Today’s world can feel fast-paced and it’s easy to get caught-up in the rhythm where every minute counts. While multitasking was once a trendy skill, we know now that our brains aren’t actually capable of simultaneously handling so much information, and trying to do so lowers our efficiency and makes us feel out of control.
If you’re feeling overwhelmed by your to-do list and you’re finding it hard to prioritise, it can be really helpful to press the pause button and break the rhythm. You can interrupt that frenzied thought pattern in an instant with our little mindfulness exercise.
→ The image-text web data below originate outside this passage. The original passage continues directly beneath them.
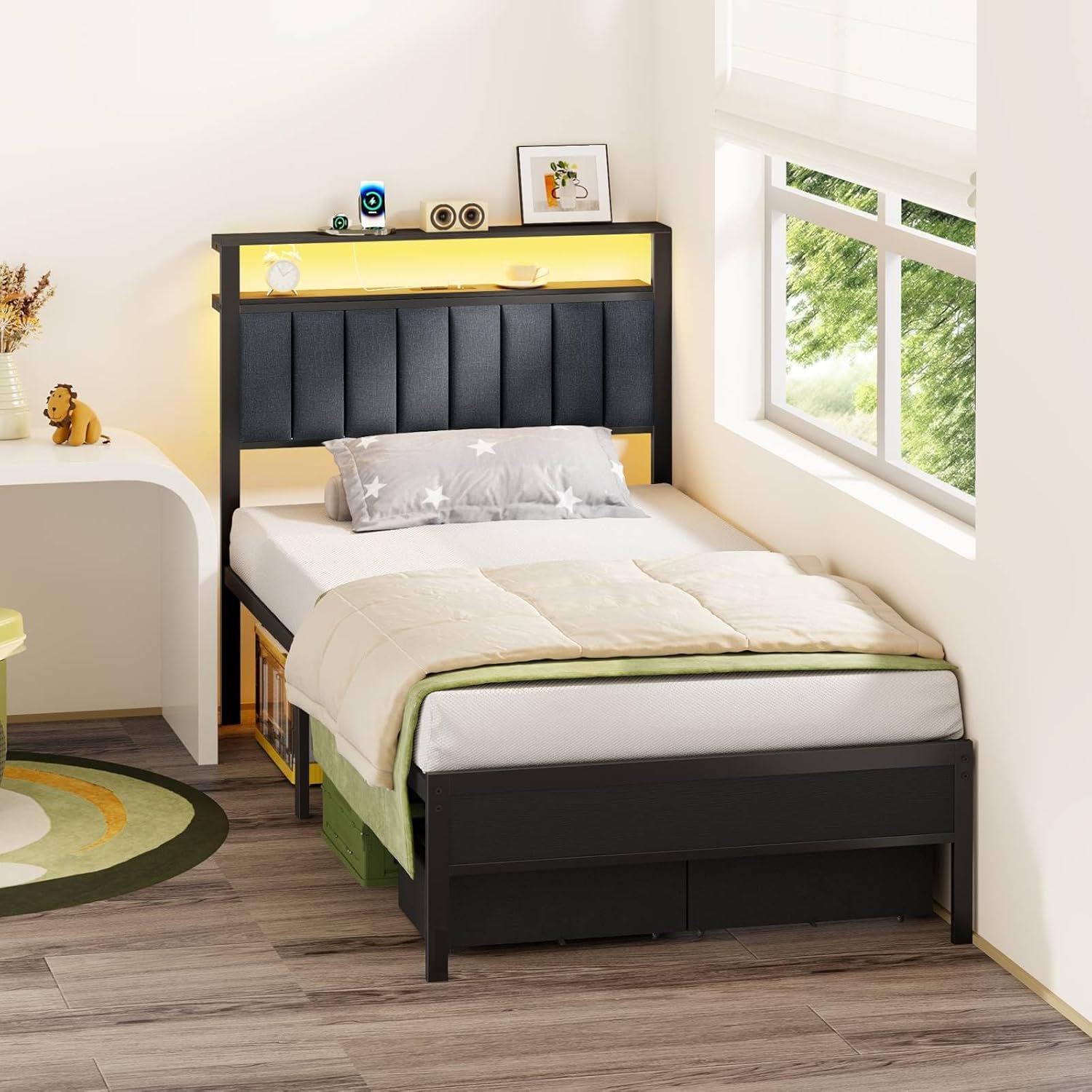 Furnulem Bed Frame with LED Lights, Charging Station & Storage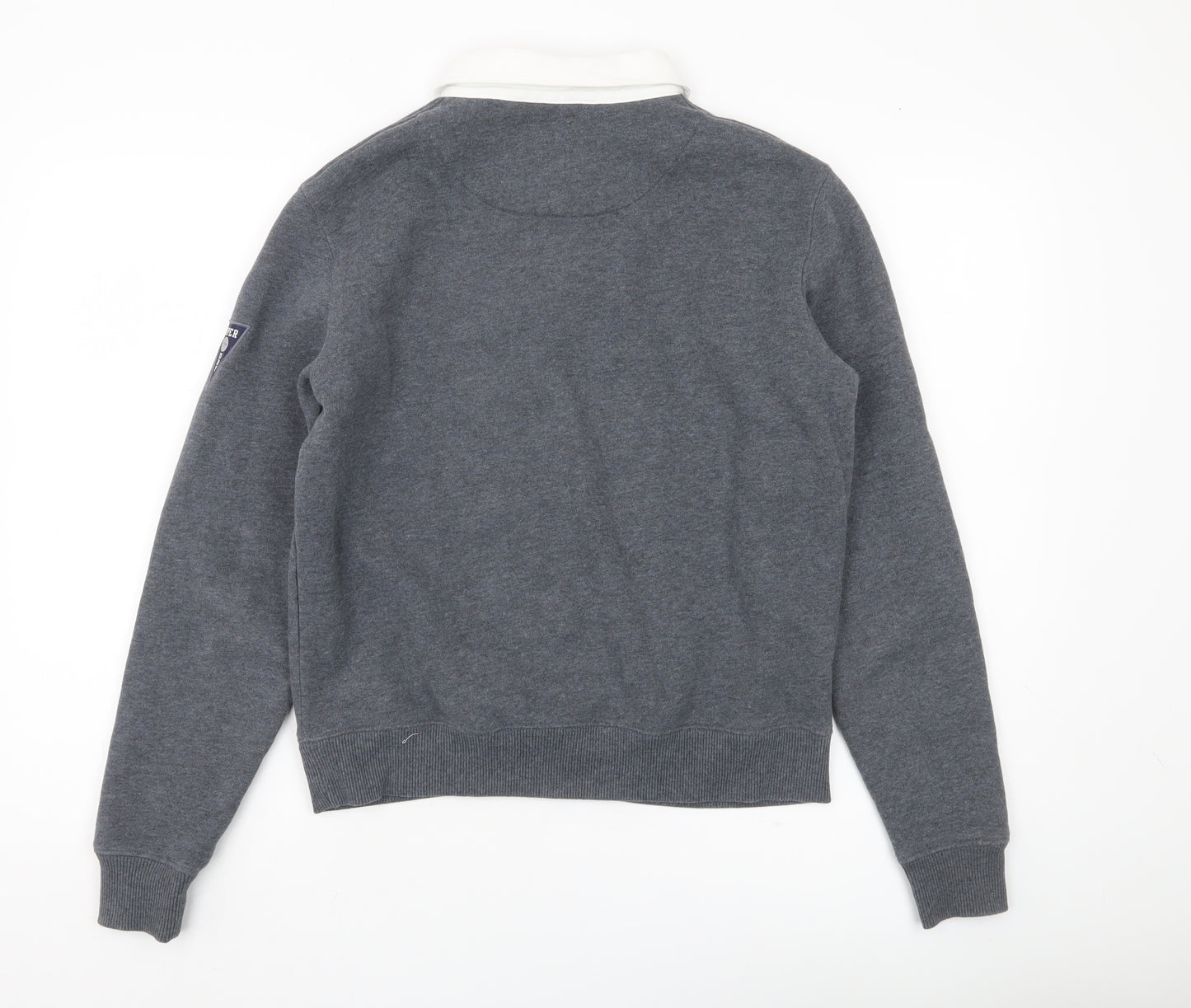 Superdry Womens Grey Henley Sweatshirt UK 8 Collared College Logo
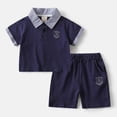 thumbnail image 2 of Toddler Boys Outfit Sets 6-12 Months 12-24 Months 2t 3t 4t 5t 6t 7t Children Children Soft Short Sleeve T Shirts Tops + Shorts Casual Two Piece Summer Kids Boys Outfits Sets(Navy,3-4 Years), 2 of 4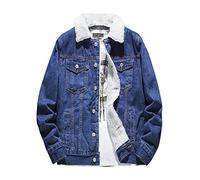 Graceyo Herren Gefüttert Jeansjacke Winterjacke Jacke Parka Warm Fleecemantel Funktionsjacke Wintermantel Kurz Teddy Fleece Outdoor Puffer Jeans Jacket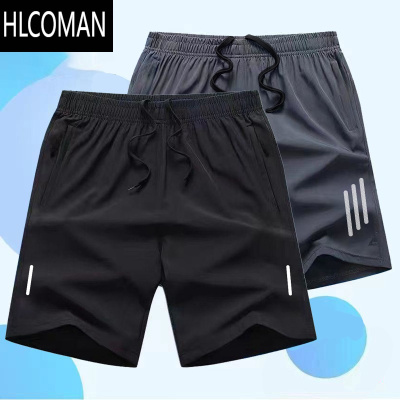 HLCOMAN夏季冰丝短裤速干透气五分裤男休闲运动加肥加大胖子沙滩裤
That way you’ll come back to your tasks feeling much clearer, calmer and able to concentrate.
All you need is 60 seconds!
Mindfulness and meditation don’t have to mean dedicating an entire hour to silence, while you learn to accept your thoughts without judgment.
Let’s get started
This exercise can be done standing, sitting or waiting at the bus stop, but do make sure your body is relaxed before starting.
– Lower your eyes so your gaze goes out of focus and secondary.
– Begin by breathing evenly and notice where you feel your breath. This could be in your chest and shoulders, your windpipe or maybe your nostrils.
– One breath cycle should last about 6 seconds:
– Now inhale through your nose, counting to 3.
– Exhale through your mouth 4,5,6…
– Stick to this rhythm, allowing the air to exit your body effortlessly. With every breath you’re taking in more oxygen and releasing your body’s waste products such as carbon dioxide. In with the good, out with the bad – it couldn’t be much simpler, could it?
– Let go of your thoughts, but if your mind does happen to wander, which it probably will do, that’s not a problem. Notice that your mind has drifted and redirect your attention back to your breathing.
– When you’re ready, return to your surroundings.
You can practise this exercise at any time, whether you’re feeling stressed and overwhelmed or not, but if you’re new to mindfulness, think of this as your joker card. Soon you’ll recognise those moments when you might feel a little frantic, and you’ll automatically press pause and focus on your breathing! If you enjoyed one minute of this mind-soothing exercise, why not try two or three?